Whether the police admit it, Adekanbi’s escape complicates matters. Time is a big challenge in crime investigation. As bestselling American author Maureen Johnson offers in her book, truly devious, “With each passing hour, the evidence slips away. Crime scenes are compromised by people and the elements. Things move, change, get stained, move. Organisms rot. The wind blows dust and pollutants. Memories change and fade. As you move away from the event, you move away from the solution.
Our cops don’t seem to notice this.
They also don’t seem to understand compassion and the psychological effect of their efficiency on bereaved families and the public. Stories about suspects on the run and refusal to clarify or provide updates in one way or another generate fear and erode public confidence in police capabilities. It shows the contempt members of the force hold for Nigeria. But Nigerians themselves must insist that the government and its agencies respect the sanctity of life. Events continue to show that no one is safe in Nigeria, and things will only get worse unless citizens get the government to act.
First on the list of those who must take up this challenge are the media. Media professionals should not stop at reporting on events like the escape of this suspect; they must follow up with investigations and advocate for justice. The media can call the Minister for Police Affairs, the Inspector General of Police and members of the Police Service Commission on issues like this, for example.

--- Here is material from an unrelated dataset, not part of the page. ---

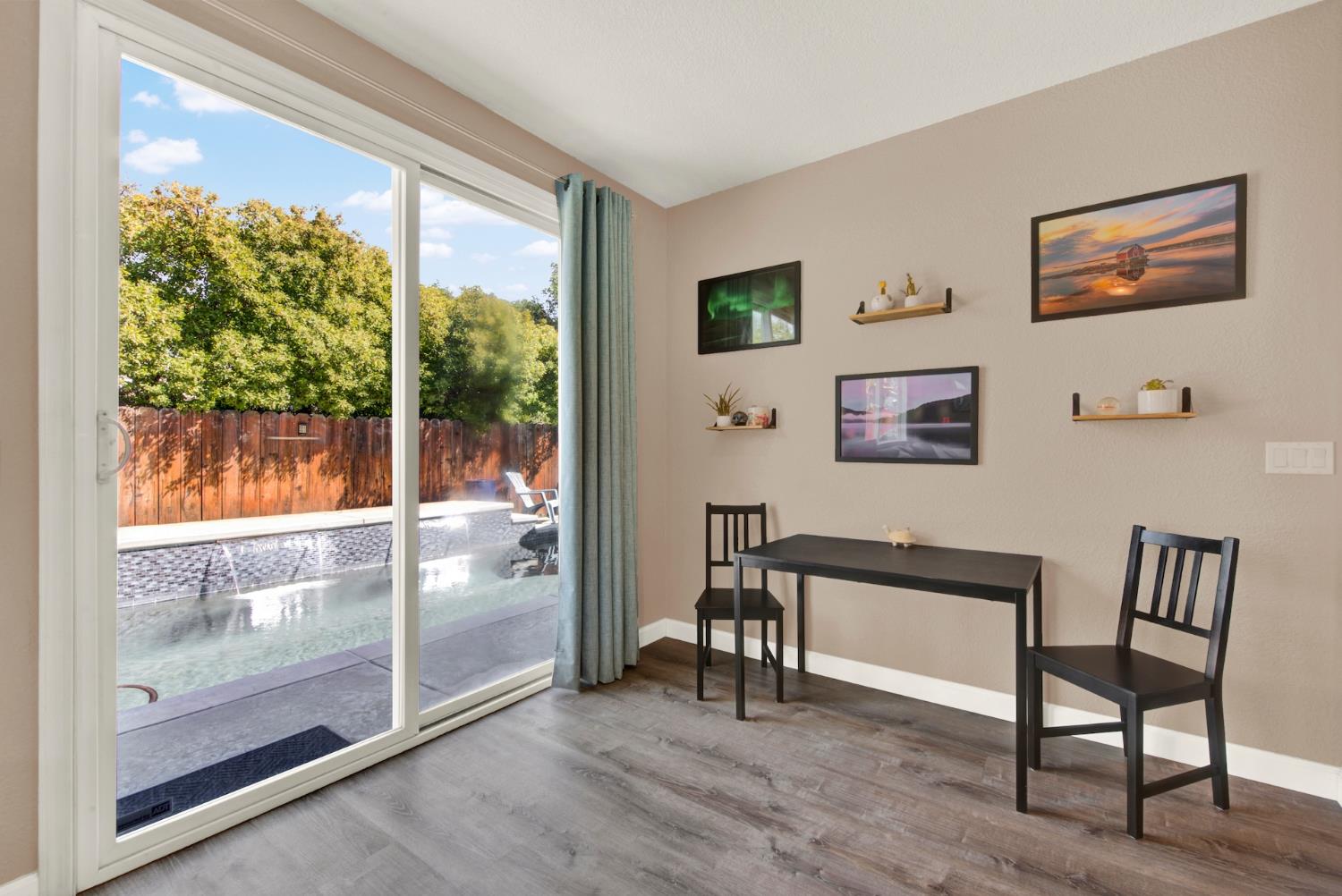 711 Lupine Way Winters CA 95694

The media and their sponsors are in full swing about what Tinubu does, what Obi doesn’t do, where Atiku is going and Wike’s latest outburst. That’s fine, but questions about our humanity are just as important.
This society needs help beyond the reach and competence of its controllers. That is why the media cannot fall asleep on vital issues that provide the necessary oxygen for national progress.
In addition, the media must keep governments and their agencies on their toes, demanding performance, especially when it comes to people’s lives and dignity. The people have a duty to break the conspiracy of silence that has reduced Nigeria to a joke in the community of nations.